Gene therapy in a droplet could treat eye diseases, prevent blindness
Eye diseases such as diabetic retinopathy and age-related macular degeneration are among the leading causes of irreversible vision loss and blindness worldwide. Currently, gene therapy can be administered to treat these conditions — but this requires an injection. Now researchers report in the journal ACS Applied Materials & Interfaces a new way to deliver the treatment topically, without a needle.
The rear part of the eye is where conditions such as proliferative diabetic retinopathy and age-related macular degeneration develop. And they involve a substance called vascular endothelial growth factor, which stimulates the growth of blood vessels. Scientists have been trying to inhibit the growth factor using gene therapy, but delivering drugs to the back of the eye currently requires an injection. Not surprisingly, few patients opt for this type of treatment. Gang Wei and colleagues wanted to find a noninvasive approach.
The researchers developed a gene delivery system with a peptide called penetratin, which has shown good permeability in the eye, and a synthetic polymer called poly(amidoamine) that has previously been used in drug delivery. Testing on rats showed that the complex, when applied as an eye drop, rapidly moved from the eye's surface to its rear inner lining. It remained in the retina for more than eight hours — enough time for a model gene to be expressed. The findings demonstrate the method's potential for delivering gene therapy to treat several eye diseases, the researchers say.
The authors acknowledge funding from the National Natural Science Foundation of China.

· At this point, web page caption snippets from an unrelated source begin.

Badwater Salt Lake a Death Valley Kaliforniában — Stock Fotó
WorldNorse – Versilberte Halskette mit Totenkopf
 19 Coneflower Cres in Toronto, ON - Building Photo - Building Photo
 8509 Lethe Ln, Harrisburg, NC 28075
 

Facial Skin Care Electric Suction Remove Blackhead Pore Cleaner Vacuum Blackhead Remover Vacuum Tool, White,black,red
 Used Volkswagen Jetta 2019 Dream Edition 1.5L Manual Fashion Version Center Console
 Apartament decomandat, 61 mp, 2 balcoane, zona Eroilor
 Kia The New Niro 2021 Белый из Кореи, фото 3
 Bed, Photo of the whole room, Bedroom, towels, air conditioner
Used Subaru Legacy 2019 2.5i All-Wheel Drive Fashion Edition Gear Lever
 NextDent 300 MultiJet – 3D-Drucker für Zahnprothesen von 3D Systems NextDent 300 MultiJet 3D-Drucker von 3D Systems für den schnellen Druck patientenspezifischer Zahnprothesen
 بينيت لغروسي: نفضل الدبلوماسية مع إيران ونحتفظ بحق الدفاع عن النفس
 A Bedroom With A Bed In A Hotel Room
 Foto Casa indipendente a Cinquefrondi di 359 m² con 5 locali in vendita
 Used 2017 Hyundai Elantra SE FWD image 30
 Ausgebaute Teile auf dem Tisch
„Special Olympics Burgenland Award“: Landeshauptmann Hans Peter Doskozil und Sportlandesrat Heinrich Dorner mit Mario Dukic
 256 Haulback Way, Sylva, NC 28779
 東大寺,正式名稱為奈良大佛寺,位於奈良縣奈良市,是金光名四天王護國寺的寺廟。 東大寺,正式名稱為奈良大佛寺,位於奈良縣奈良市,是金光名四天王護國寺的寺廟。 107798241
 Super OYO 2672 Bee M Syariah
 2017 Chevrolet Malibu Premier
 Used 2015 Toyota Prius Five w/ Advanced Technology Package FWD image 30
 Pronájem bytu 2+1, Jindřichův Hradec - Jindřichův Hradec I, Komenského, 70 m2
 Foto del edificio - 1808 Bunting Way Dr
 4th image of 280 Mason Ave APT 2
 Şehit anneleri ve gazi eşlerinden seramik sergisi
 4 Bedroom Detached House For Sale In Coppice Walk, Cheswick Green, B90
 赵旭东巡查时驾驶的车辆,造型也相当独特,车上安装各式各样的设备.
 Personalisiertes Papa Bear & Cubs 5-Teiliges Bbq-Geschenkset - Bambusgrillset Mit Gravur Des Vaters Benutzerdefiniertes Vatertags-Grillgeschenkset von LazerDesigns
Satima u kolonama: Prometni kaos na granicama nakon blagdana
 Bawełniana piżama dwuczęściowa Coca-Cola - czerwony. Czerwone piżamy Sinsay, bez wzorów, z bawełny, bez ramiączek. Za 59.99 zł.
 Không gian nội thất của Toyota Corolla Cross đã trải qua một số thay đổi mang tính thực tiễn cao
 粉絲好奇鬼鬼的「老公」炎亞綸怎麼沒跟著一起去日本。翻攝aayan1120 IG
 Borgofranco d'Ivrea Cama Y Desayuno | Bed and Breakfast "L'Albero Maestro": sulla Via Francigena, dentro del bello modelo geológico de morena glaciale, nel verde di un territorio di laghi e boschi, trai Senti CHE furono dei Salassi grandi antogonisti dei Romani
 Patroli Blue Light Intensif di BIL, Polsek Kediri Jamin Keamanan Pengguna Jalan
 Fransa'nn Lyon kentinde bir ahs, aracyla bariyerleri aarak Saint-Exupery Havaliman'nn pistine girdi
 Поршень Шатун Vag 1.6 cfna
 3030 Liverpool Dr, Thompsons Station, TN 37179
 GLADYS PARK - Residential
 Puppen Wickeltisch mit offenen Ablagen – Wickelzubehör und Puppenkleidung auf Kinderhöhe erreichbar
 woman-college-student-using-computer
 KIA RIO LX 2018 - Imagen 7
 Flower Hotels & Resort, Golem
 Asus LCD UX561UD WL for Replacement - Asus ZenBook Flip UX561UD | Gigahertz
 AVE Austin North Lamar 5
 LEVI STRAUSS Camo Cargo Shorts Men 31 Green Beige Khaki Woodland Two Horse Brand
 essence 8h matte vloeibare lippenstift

The American Chemical Society is a nonprofit organization chartered by the U.S. Congress. With nearly 157,000 members, ACS is the world's largest scientific society and a global leader in providing access to chemistry-related research through its multiple databases, peer-reviewed journals and scientific conferences. Its main offices are in Washington, D.C., and Columbus, Ohio.
To automatically receive news releases from the American Chemical Society, contact [email protected]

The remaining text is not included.